**Exercise details**: Every line of the data below is to be given again as it appears, with the images removed.
(Data provided begins)
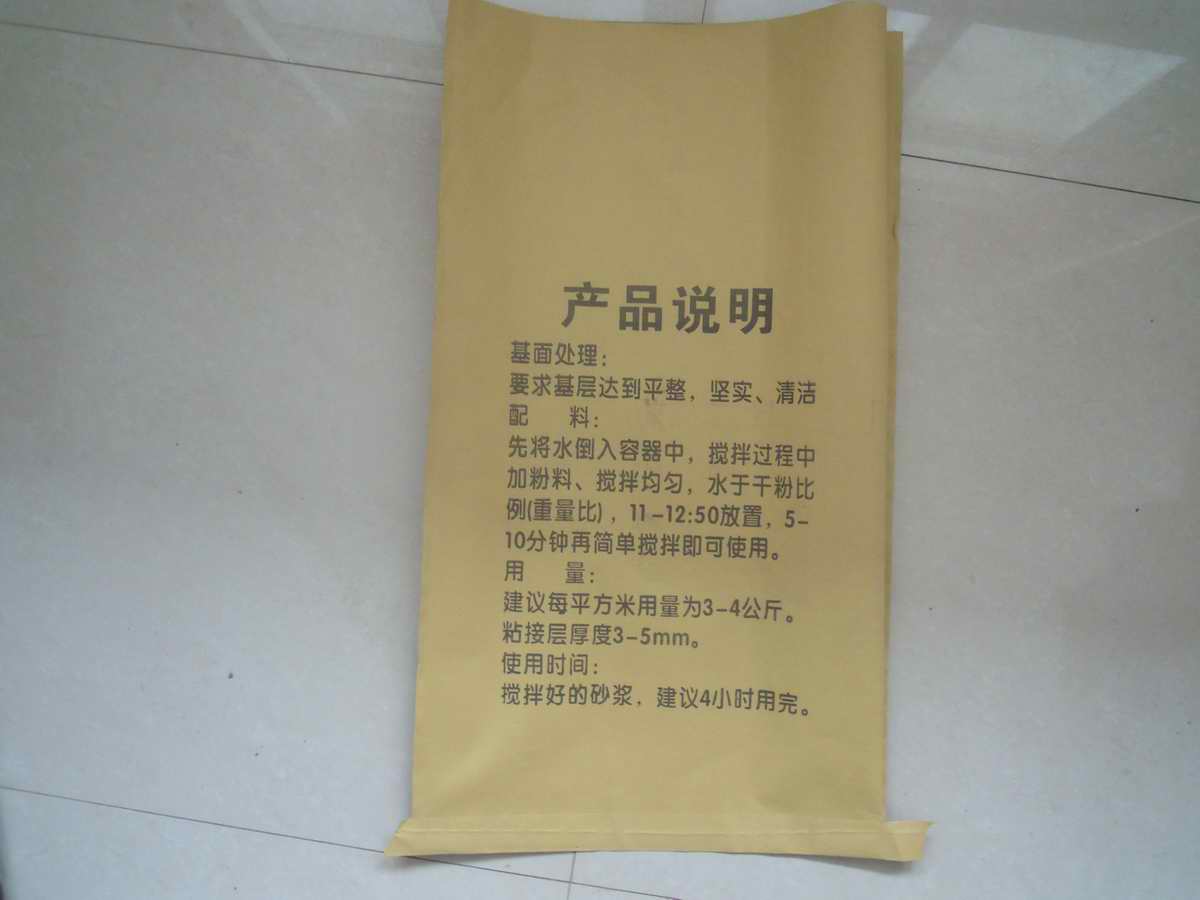 牛皮紙袋加工價格，牛皮紙袋生產廠家，滿順牛皮紙袋廠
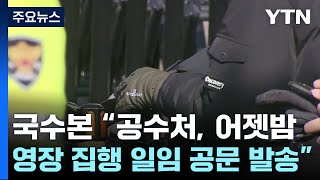 공수처, 체포영장 집행 경찰에 넘겨...국수본 "법리 검토 중" / YTN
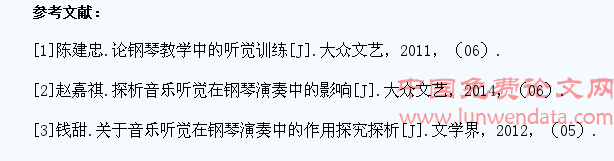 学生音乐听觉能力培养的有效措施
(Data provided ends)
**Task solution**:
 牛皮紙袋加工價格，牛皮紙袋生產廠家，滿順牛皮紙袋廠
 공수처, 체포영장 집행 경찰에 넘겨...국수본 "법리 검토 중" / YTN
 学生音乐听觉能力培养的有效措施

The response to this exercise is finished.